I have unfinished basement , and the cost of finishing it around 20K , the rent will be around 700 CAD, it seem the overhead and the hassle of renting and the privacy issue of being some one living under your rooms over weight the net income that will come from this rent, at best the remaining will be 350 , beside the basement will not be legally registered which add another pain and worry . 

have any body experience with basement rental ? do you recommend it ?


----------



## Just a Guy (Mar 27, 2012)

Judging by the tenants I've had in the past, I'd never rent a suite in my house...that goes double, no infinitely more if I had kids.

If the suite isn't legal, you can have even more expensive nightmares...paying to relocate tenants, paying to remove the suite, fines, etc...and ironically it can be because your tenant registers a complaint...

Also, technically, half your place may not qualify for the tax free capital gains...especially since you need to declare income and you'll want to deduct expenses. 

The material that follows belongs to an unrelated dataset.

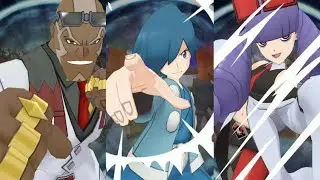 4 Synchro Healing units take on the Tapu Bulu Legendary Arena [Pokemon Masters EX]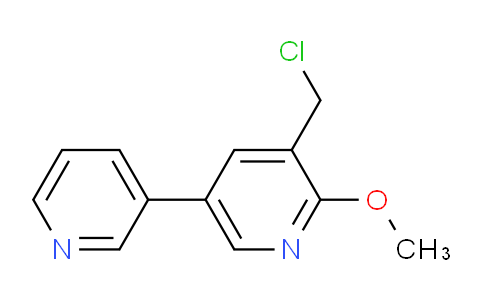 AM58251 | 1227565-71-0 | 3-Chloromethyl-2-methoxy-5-(pyridin-3-yl)pyridine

I'd only recommend buying a separate property to use as rentals. If you try to cut corners you're going to get burned.


----------



## Chris L (Nov 16, 2011)

How old are you? Are you married, dating? Do you have kids?

Simple advice. Do it while young, dating, newly married and stop when you have kids or are old.

Then again at empty nest if you need cash and divorced.

It's a lifestyle question and a cashflow requirement one.

Young can deal with more pain and headaches and require less space. Try keeping your unit quiet with kids running around upstairs. You need the backyard and space with kids. 

But in the long run, tough it out as much as possible while you can. It's nothing something you want to be doing your entire life.


----------



## MoreMiles (Apr 20, 2011)

If you have a teenage daughter.. would you trust a single man renting your basement? There is only a small unlockable door between your daughter and that tenant.

These days, even your child is male or young, the risk is not lower. There are just so many weirdos out there that no amount of rent can justify that risk.


----------



## wendi1 (Oct 2, 2013)

If you get the basement finished as a rental suite, according to code, there will be a firestop door with a lock between the tenant and yourself. I would not cut corners on this.

If you know you are finishing a basement as a rental (instead of for your own use), I would invest in the extra insulation between the floors, smoke and carbon monoxide detectors, make sure there are separate hydro, gas and water meters, and make it nice to attract a quality tenant. Make it legal, in other words.

My favorite rentals were triplexes where the landlord lived on site - he/she was there to fix issues. But this is not an easy passive income stream, you have to do your homework, and know your obligations and rights.


----------



## Chris L (Nov 16, 2011)

MoreMiles said:


> If you have a teenage daughter.. would you trust a single man renting your basement? There is only a small unlockable door between your daughter and that tenant.
> 
> These days, even your child is male or young, the risk is not lower. There are just so many weirdos out there that no amount of rent can justify that risk.


Misandric and sexist all in one shot. I'm more scared of what your teenage daughter might do to my single male tenant through false allegations. So you might want to park that B.S. argument someplace else.

You got a front door in your house without male tenants? You got single males around your hood? Be frightened of the penis. Blah.


----------



## Jon_Snow (May 20, 2009)

Just my opinion here, and not specifically referring to the OP - but if the only way you can afford a house is by having some stranger living beneath you, then you probably CAN'T afford a house.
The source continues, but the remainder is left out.